Kaum eine Gebühr aus Teil 4 VV RVG macht in der Praxis in der Anwendung so viel Schwierigkeiten wie die zusätzliche Verfahrensgebühr Nr. 4141 VV RVG. Das beweist mal wieder ein Beschluss des AG Oldenburg, das zur Bemessung der Gebühr Stellung nimmt.
Gegen den Beschuldigten und einen Mitbeschuldigten ist von der Polizei und der Staatsanwaltschaft wegen Totschlags ermittelt worden. Grundlage des Verfahrens waren Geschehnisse auf einem Parkplatz in Vechta. Der Beschuldigte ist von der Polizei über seine Rechte als Beschuldigter in einem Strafverfahren belehrt worden.

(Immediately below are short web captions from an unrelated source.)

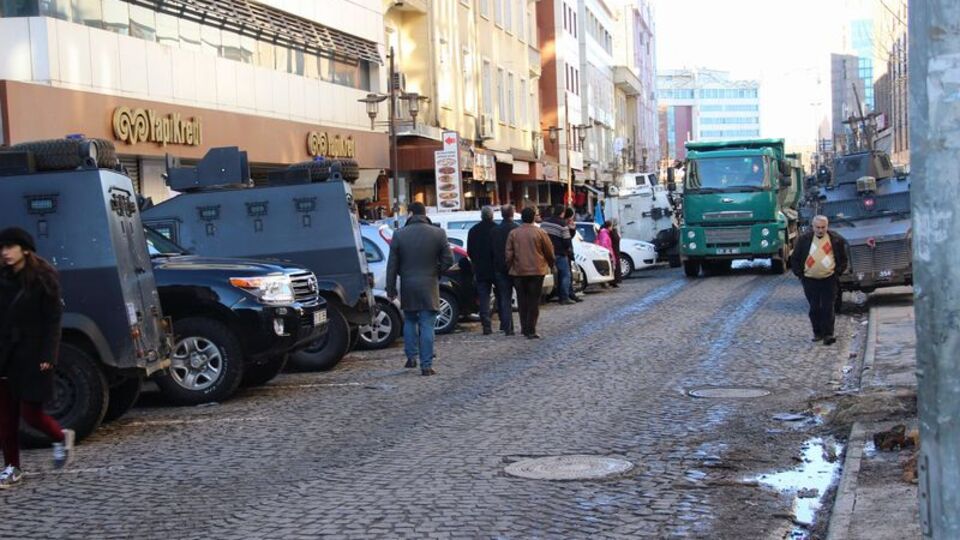 Sur'da hendekler böyle kapatılıyor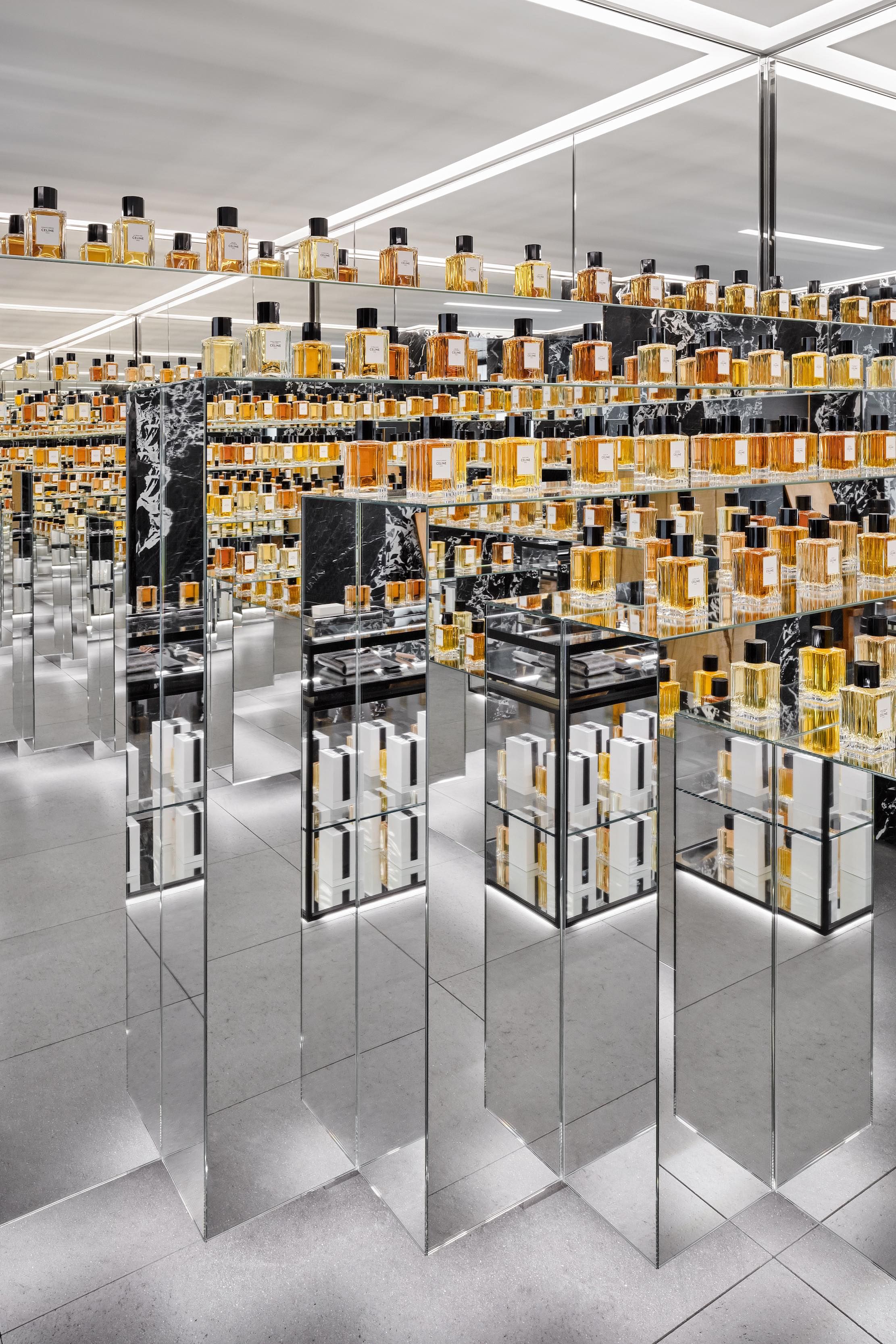 -CELINE- HAUTE PARFUMERIE ホワイトディスプレイ CELINE HAUTE PARFUMERIE | CELINE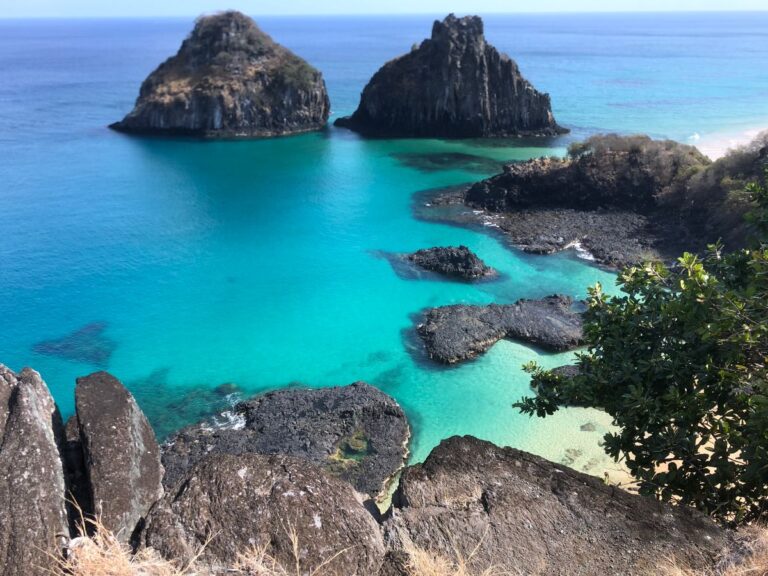 Água turquesa e formações rochosas em Fernando de Noronha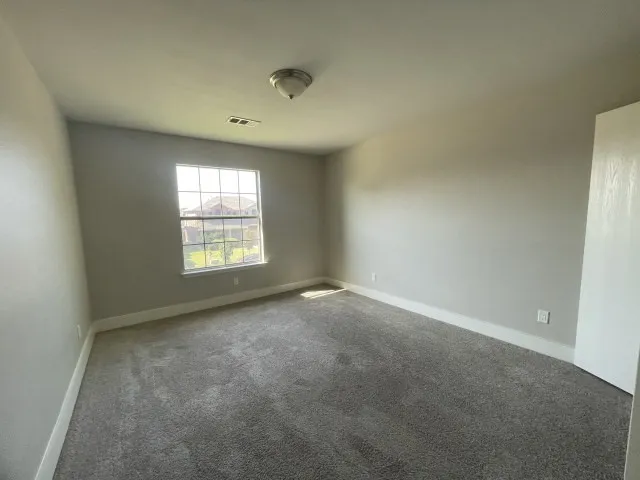 Single Family Residence For Sale in Tarrant County , 2836 Grandview Drive, Grand Prairie, Texas 75052, 4 Bedroom, 3 Bathroom, 2 Garage spaces, 2,517 Sqft, built in 2003, mls#21333361, Real Estate Agent in Grand Prairie, Homes For Sale in Tarrant county, Homes For Sale in Grand Prairie, Realtor in Grand Prairie Texas, Real Estate Brokerage Independent Realty Texas, Luminita Cordes Realtor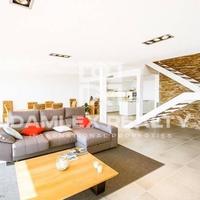 Вилла в пригороде в Испании, Каталония, Жирона, 366 кв.м.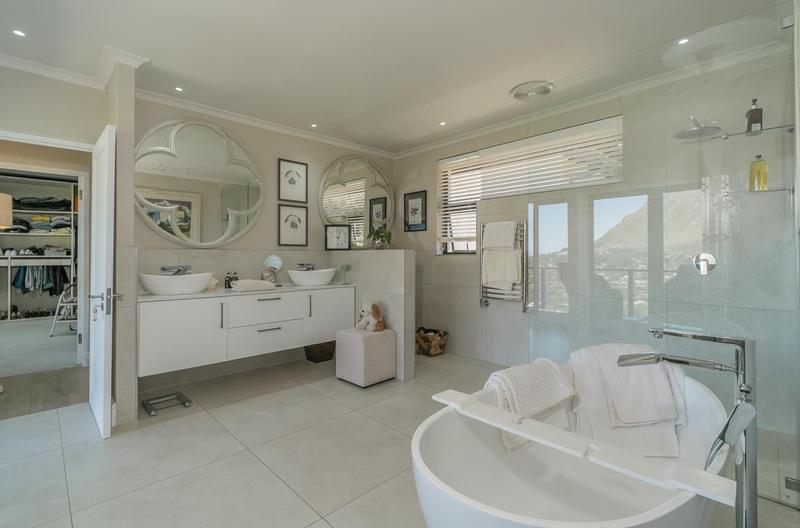 4 Bedroom Property for Sale in Kenrock Country Estate Western Cape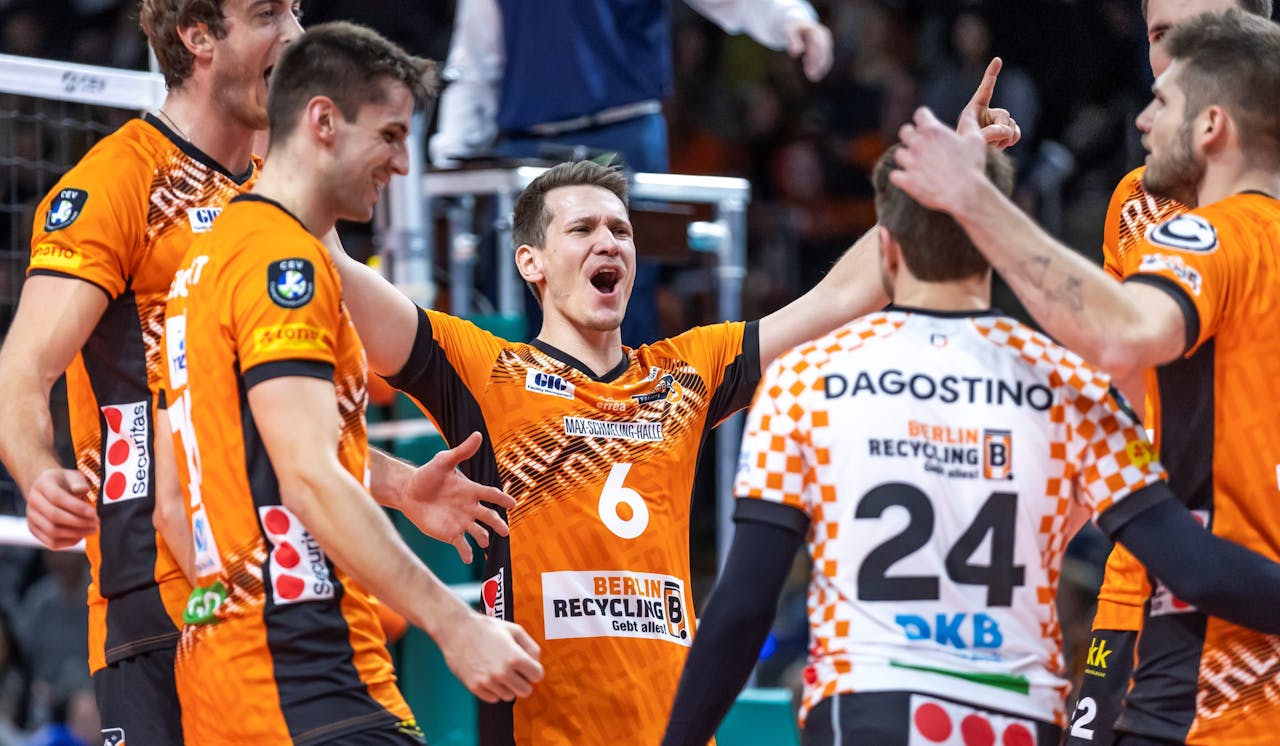 Champions-League-Auftaktsieg im Duell der Meister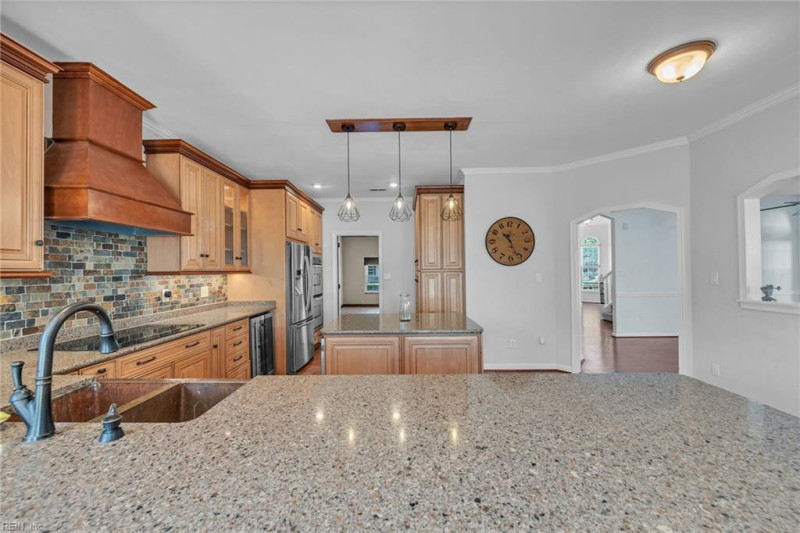 Photo 18 of 47 residential for sale in Virginia Beach virginia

Durch Verfügung vom 24.11.2020 hat die Staatsanwaltschaft das Verfahren gegen den Beschuldigten wegen „Totschlags und unerlaubten Führens einer Schusswaffe“ mangels hinreichenden Tatverdachts nach § 170 Abs. 2 StPO eingestellt. Später hat die Staatsanwaltschaft Nachermittlungen angestellt und das Verfahren gegen den Beschuldigten mit Verfügung vom 14.02.2022 erneut nach § 170 Abs. 2 StPO eingestellt. Der Verteidiger hat seine Gebühren abgerechnet und dabei auch eine Nr. 4141 VV RVG geltend gemacht. Zur Höhe hat er ausgeführt, die „Höhe der Gebühren richte sich danach, vor welchem Gericht Anklage erhoben worden wäre“, Anklage wäre nach Ansicht des Verteidigers vor dem Landgericht/ Schwurgerichtskammer erhoben worden. Das AG hat/Rechtspfleger „nur“ eine Gebühr für das „Ermittlungsverfahren“ festgesetzt. Die dagegen gerichtete Erinnerung des Verteidigers hatte Erfolg.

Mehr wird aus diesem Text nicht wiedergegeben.